The yearly output of 25,000 megawatt-hours generated by the GE turbines at the Somerset Wind Farm was estimated to be enough to supply about 3,400 homes annually.
A similar but slightly larger wind farm with 10 turbines was built in parallel at Mill Run in Fayette County. The Mill Run Wind Power Project generated an additional 15 megawatts, bringing the combined output of both sites to 24 megawatts.
On the day of the Somerset Wind Farm’s dedication, the University of Pennsylvania, Penn State University, Philadelphia Suburban Water, Carnegie Mellon University and Giant Eagle Inc. all announced their commitment to purchase 75% of the combined 24-megawatts that both wind farms produced. It was the largest U.S. retail purchase of wind energy at that time.
The dedication was a featured part of Gov. Mark Schweiker’s proclaimed “Wind Energy Week.”
Wind energy ramped up aggressively in the early 2000s, helped in part by the Alternative Energy Portfolio Standards Act passed by the state legislature in 2004. It required power companies to produce an increasing amount of energy from renewable sources, like solar, wind and biofuels, with a target of 18% by 2021.
An unforeseen side effect of the requirements was that solar technology became significantly cheaper than the turbines first erected in the early 2000s. The wind power industry boom instead mostly moved to Great Plains states and coastal areas, where policies and conditions were more favorable.
As a result, operators of Pennsylvania’s first wind farm, the Green Mountain Wind Energy Center, couldn’t justify the operating costs of the older turbines. In 2016, they were dismantled and replaced with battery storage.
Other sites were improved with new turbines and additional projects were approved that pushed the total count of turbines in Somerset County to nearly 200, including 68 at the Twin Ridges Wind Farm alone, which opened in 2013.
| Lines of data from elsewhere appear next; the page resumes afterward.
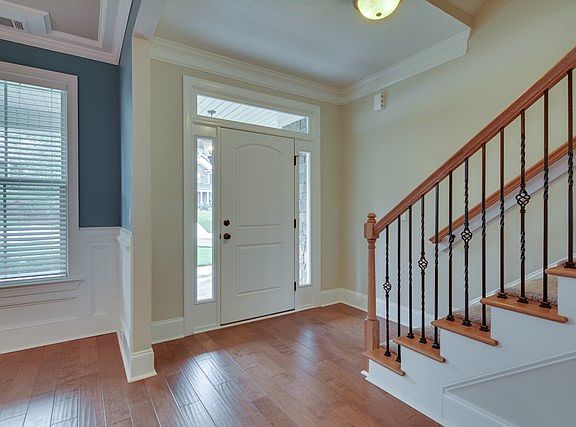 3rd image of 732 Spotswood Dr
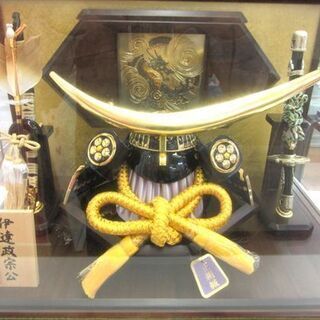 五月人形 兜 ケース飾り 伊達政宗公 独眼竜 武蔵俊山 端午の節句 子供の日 日本文化 歴史 札幌 厚別店の画像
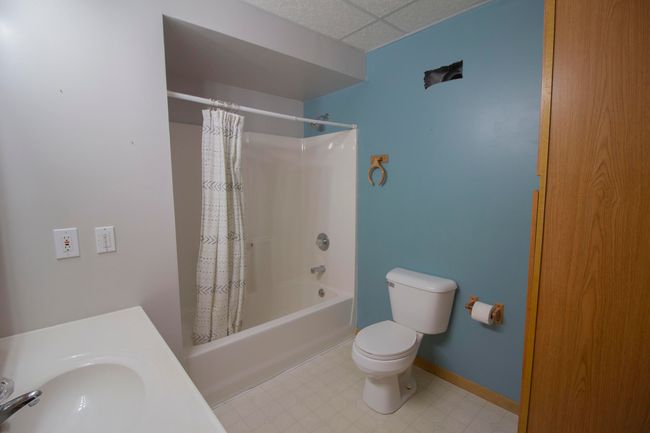 32251 E Red Arrow Hwy, Home with 0 bedrooms, 3 bathrooms and null parking in Paw Paw MI | Image 15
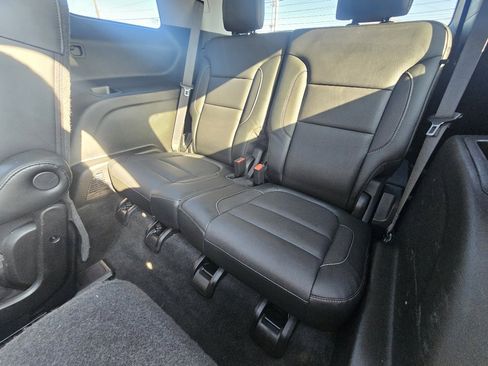 Used 2019 GMC Acadia SLT image 53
The future of wind power in Pennsylvania has continued to struggle in the face of cheaper solar panel prices and public opposition to large wind farms. Some of the best potential locations have also been excluded by the Pennsylvania Game Commission, which issued a moratorium on wind development on game lands in 2018, despite the presence of more than 2,000 active oil and gas wells on state game lands.
Despite these headwinds, as of mid-2020 the state has 26 utility scale wind farms.